+++ DATASET ENTRIES
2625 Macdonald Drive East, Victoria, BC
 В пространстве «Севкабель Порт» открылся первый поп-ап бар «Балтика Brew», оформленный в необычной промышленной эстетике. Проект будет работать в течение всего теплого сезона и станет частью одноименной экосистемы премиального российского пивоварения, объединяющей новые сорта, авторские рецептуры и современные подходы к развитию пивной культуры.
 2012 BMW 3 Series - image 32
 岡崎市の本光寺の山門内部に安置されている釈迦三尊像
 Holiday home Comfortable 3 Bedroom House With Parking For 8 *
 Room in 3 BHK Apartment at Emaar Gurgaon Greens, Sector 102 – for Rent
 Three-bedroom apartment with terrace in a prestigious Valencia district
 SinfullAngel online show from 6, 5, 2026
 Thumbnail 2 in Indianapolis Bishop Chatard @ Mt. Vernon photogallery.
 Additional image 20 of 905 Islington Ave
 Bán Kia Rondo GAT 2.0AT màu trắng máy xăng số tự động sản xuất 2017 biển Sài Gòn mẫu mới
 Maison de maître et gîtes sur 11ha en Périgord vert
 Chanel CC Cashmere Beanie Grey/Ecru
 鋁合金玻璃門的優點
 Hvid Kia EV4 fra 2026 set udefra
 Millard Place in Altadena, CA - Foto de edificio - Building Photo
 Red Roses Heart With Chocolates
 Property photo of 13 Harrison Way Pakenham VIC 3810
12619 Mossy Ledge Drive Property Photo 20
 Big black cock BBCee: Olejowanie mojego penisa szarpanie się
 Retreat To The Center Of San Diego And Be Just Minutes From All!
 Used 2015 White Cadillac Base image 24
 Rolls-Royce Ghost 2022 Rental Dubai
++++++
■ DIRECTIONS FOR THIS TASK ■
Your answer should be the line with "Retreat To The" and all lines after it in the listing above, repeated exactly. No other lines belong.

■ TASK RESULT ■
 Retreat To The Center Of San Diego And Be Just Minutes From All!
 Used 2015 White Cadillac Base image 24
 Rolls-Royce Ghost 2022 Rental Dubai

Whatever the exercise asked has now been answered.